ACARA v9 CONTENT DESCRIPTION “interpret unmarked and partially marked scales, and measure and compare length, mass, capacity and temperature using scaled instruments and appropriate units”
A ruler, a kitchen scale, a measuring jug and a thermometer all work the same way: a line of marks, each worth a fixed amount, and a reading taken from where the pointer or level falls. The Year 4 step is to read these marks precisely rather than estimating. The whole skill rests on one question asked first — what is each mark worth? — because once that is known, the rest is counting. A ruler marked every centimetre, a jug marked every hundred millilitres and a thermometer marked every degree are read by the same method, even though they measure completely different quantities.
Read the scale
On a marked instrument, every small division has a value. Read the arrow.
The arrow points to a mark on the ruler. How many centimetres is it?
Read where the pointer falls
Reading a scale is counting from zero to where the pointer or arrow lands. On a centimetre ruler each small mark is one centimetre, and the numbered marks every five give a quick way to count without losing place: jump in fives to the nearest numbered mark, then count the singles. This is the same skip-counting from Number, now doing measuring work. The habit to build is starting from a known point, usually zero, and counting marks in order — never guessing from the rough position, because precise reading is exactly what a marked instrument makes possible.
Find the mark
Set the pointer to a value. Knowing what each mark is worth makes it exact.
Move the pointer to 400 g. Each small mark is fifty grams.
Setting a value, not just reading one
Instruments work in both directions: a cook setting a kitchen scale to four hundred grams is using the marks to reach a target, not to read one. Moving a pointer to a chosen value needs the same understanding of what each mark is worth. On a scale marked every fifty grams, reaching four hundred means counting eight marks up from zero. Whether reading a measurement or setting one, the marks are the shared language, and a child who can do both truly understands the instrument rather than just glancing at a number.
Read the thermometer
Temperature uses a vertical scale in degrees. Read the level against the marks.
What temperature does the thermometer show? Each small mark is one degree.
A scale can run upward
A thermometer shows that scales are not only horizontal rulers: here the marks run vertically and the reading is the height the coloured level reaches. Temperature is a new quantity, measured in degrees, but the reading method is identical — find what each mark is worth, then read the level against the marks. Numbered every ten degrees with single-degree marks between, a thermometer is read just like a ruler stood on end. Meeting the same skill on a different instrument and a different quantity shows children that reading a scale is one general idea, not a separate trick for each tool.
What is each mark worth?
Reading a scale starts with finding the value of a single small division.
Before reading any instrument, work out what one small mark is worth.

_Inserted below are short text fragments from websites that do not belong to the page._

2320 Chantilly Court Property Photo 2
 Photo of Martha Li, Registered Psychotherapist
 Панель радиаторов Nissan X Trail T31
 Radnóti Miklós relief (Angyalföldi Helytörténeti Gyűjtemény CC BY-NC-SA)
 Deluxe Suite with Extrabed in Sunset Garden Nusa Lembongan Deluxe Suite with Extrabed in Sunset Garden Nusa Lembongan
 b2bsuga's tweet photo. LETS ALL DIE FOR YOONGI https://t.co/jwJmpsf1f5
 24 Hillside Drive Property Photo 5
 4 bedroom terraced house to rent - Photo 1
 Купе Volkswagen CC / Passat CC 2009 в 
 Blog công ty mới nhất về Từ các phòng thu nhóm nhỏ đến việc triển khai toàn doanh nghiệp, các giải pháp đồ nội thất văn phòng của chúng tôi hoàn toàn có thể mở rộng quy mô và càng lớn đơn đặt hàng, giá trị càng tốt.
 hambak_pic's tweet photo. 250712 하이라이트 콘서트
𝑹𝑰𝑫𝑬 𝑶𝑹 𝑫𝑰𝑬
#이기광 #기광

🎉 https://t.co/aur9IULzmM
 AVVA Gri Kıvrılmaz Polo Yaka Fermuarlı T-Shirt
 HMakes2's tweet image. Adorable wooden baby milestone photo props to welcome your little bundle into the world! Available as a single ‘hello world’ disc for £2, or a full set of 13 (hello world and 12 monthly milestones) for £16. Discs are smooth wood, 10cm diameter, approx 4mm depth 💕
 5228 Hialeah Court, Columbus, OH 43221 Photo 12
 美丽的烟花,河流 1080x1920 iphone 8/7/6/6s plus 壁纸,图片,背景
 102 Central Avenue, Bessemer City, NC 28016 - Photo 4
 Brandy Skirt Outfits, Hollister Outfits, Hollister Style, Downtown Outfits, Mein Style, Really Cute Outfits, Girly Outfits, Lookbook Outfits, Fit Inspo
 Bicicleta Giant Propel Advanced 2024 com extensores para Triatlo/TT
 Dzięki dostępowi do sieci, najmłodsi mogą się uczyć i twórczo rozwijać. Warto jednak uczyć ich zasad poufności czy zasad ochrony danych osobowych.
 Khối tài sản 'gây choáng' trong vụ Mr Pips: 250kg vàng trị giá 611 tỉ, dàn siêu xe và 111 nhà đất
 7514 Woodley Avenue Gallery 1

First, find what one mark is worth
The key to any instrument, especially a partly marked one, is working out the value of a single small division before reading anything. Take the gap between two numbered marks and share it among the small marks that fill it: a jug numbered every hundred millilitres with no marks between reads in hundreds; a ruler numbered every five centimetres with four small marks between reads in single centimetres. Scales differ in how finely they are divided, so this step cannot be skipped. Once the value of one mark is known, even an unfamiliar instrument becomes readable, which is the heart of interpreting scaled instruments.
Between the marks
A reading often lands between two marks. Judge the value from where it sits.
The arrow sits between 30 and 40. What value is it?
Reading between the marks
Real measurements often fall between two marks, and a good reader judges the value from where the pointer sits rather than forcing it onto the nearest line. An arrow exactly halfway between the thirty and forty marks reads thirty-five, because halfway between the marks is halfway in value. This judgement — estimating the in-between, using the known value of each mark — is the most refined reading skill, and it connects straight to the tenths and hundredths of decimals, where the space between two whole numbers is itself divided. With marks understood, scales read in both directions, and in-between values judged, a child can measure length, mass, capacity and temperature on any scaled instrument with real precision.
Match instrument to quantity
Every quantity has a matching instrument and units, all read by their scales.
Each quantity has its own instrument and units. Reveal each row to match them.
Quick self-check
1. On a ruler, the numbered marks are every 5 cm with four small marks between. Each small mark is...
2. A measuring jug is marked 0 to 1000 mL with a mark every 100 mL. Each mark is...
3. A thermometer numbered every 10 degrees, with ten small marks between, has each small mark worth...
4. An arrow sits exactly halfway between the 70 and 80 marks on a millilitre scale. It reads...
5. Which instrument and unit go with measuring temperature?